* Assignment: For the data below, transcribe the part that opens with the line containing "a kitchen with" and closes with the line containing "Chairs stacked in", exactly and with no pictures.

* Data records:
--- --- ---

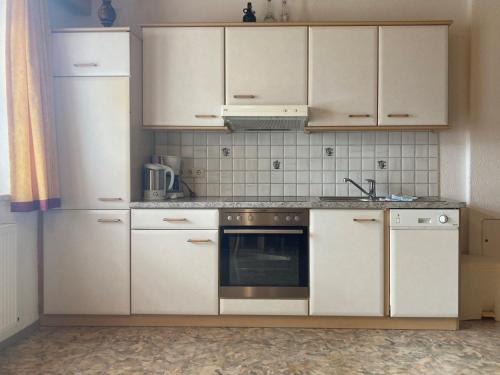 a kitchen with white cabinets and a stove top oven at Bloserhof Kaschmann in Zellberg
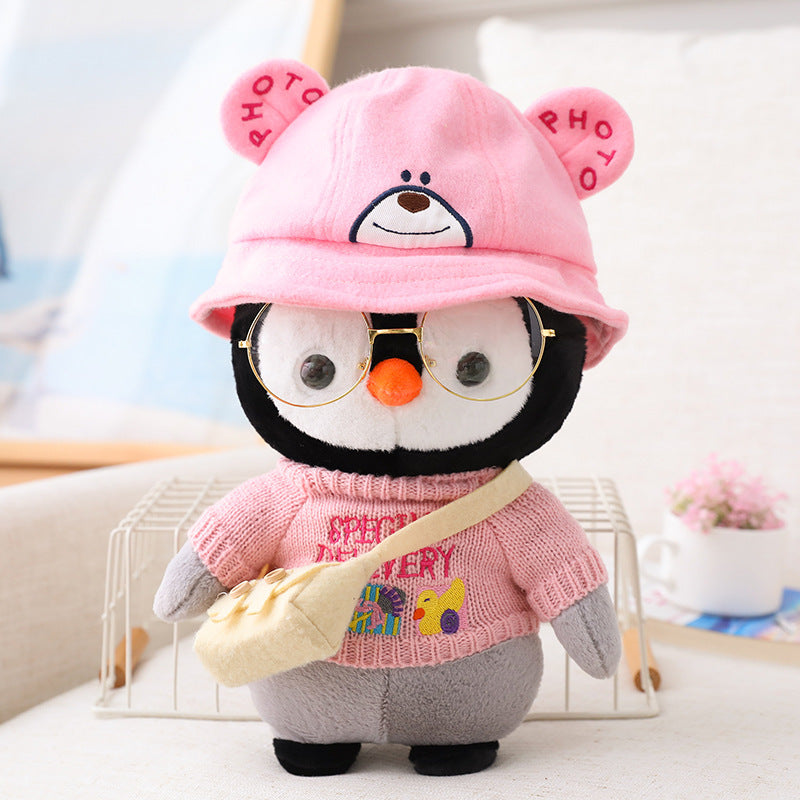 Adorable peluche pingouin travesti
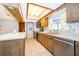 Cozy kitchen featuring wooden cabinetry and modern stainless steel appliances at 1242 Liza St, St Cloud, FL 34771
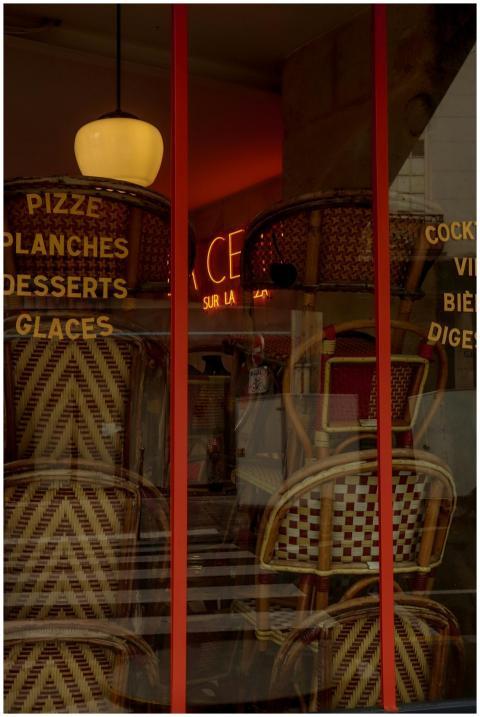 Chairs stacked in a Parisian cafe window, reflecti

--- --- ---

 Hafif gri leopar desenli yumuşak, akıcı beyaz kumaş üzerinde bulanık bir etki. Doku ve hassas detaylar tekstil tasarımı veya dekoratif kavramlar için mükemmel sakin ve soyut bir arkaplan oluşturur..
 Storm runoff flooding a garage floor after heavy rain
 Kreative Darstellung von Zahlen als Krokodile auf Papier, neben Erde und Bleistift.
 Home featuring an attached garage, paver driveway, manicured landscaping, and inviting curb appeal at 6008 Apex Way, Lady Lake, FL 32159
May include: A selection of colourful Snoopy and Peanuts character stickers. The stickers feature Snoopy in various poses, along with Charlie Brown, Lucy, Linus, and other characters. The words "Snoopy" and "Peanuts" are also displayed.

--- --- ---

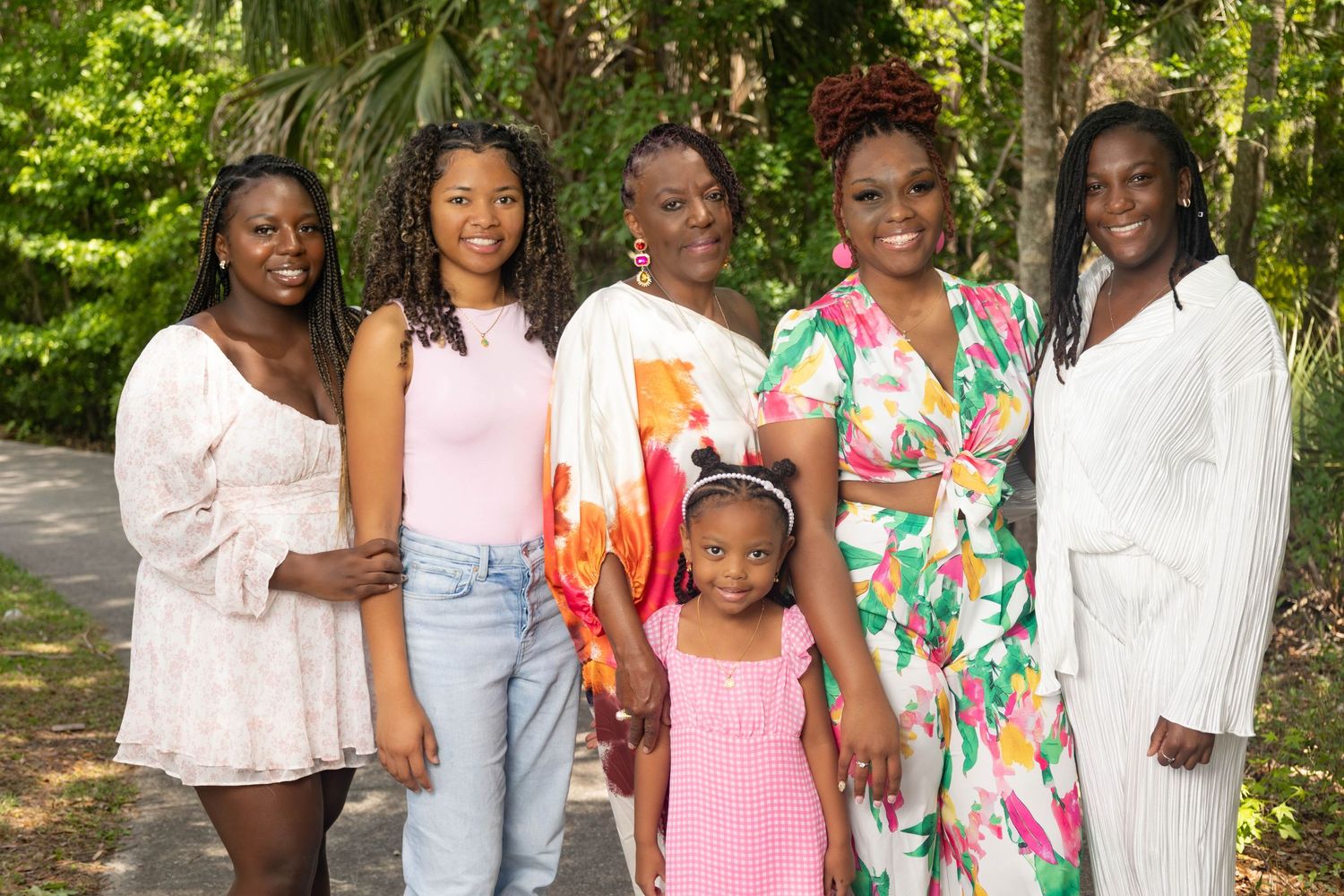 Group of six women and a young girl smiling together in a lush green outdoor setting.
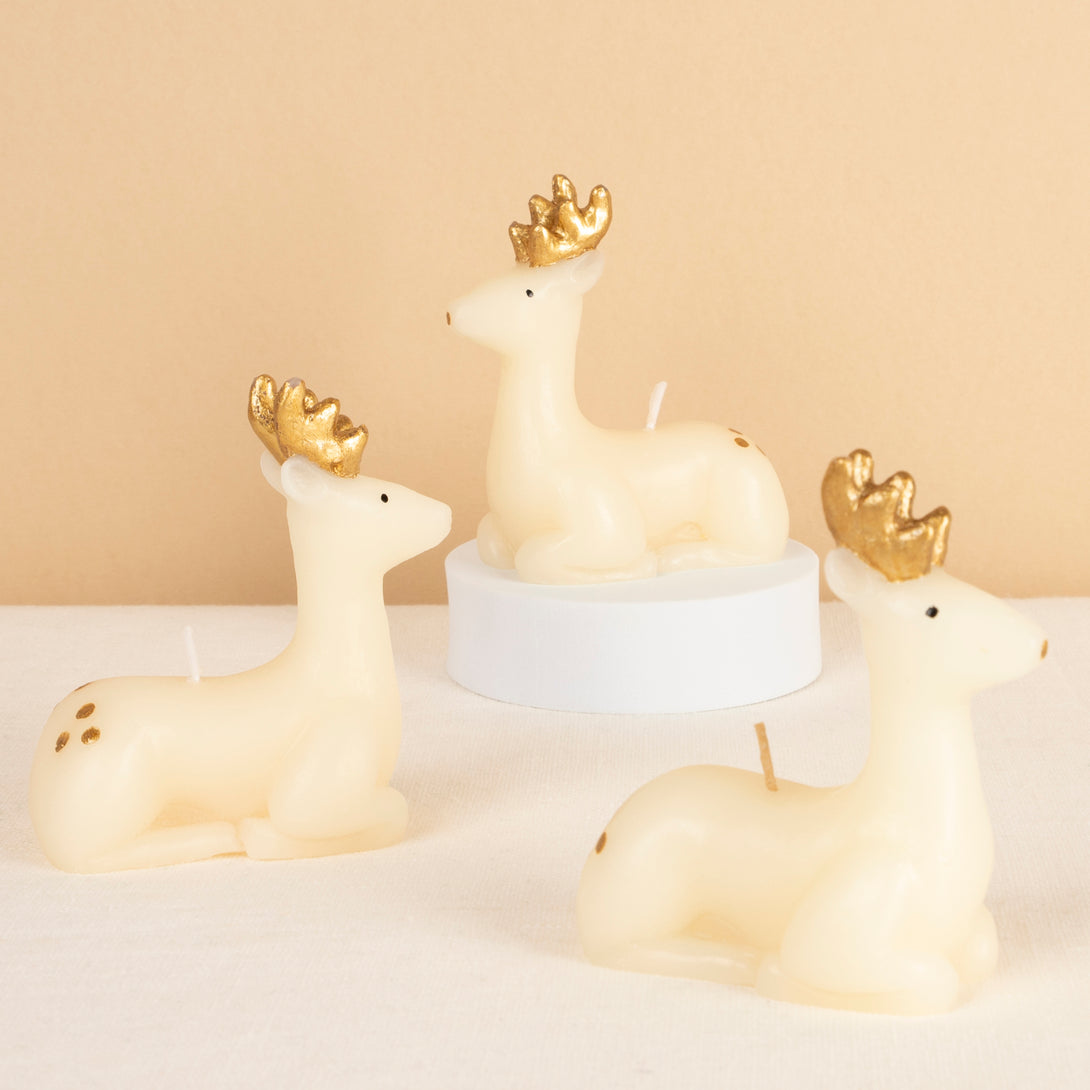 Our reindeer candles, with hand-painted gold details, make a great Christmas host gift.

--- --- ---

* Answer for the task:
 a kitchen with white cabinets and a stove top oven at Bloserhof Kaschmann in Zellberg
 Adorable peluche pingouin travesti
 Cozy kitchen featuring wooden cabinetry and modern stainless steel appliances at 1242 Liza St, St Cloud, FL 34771
 Chairs stacked in a Parisian cafe window, reflecti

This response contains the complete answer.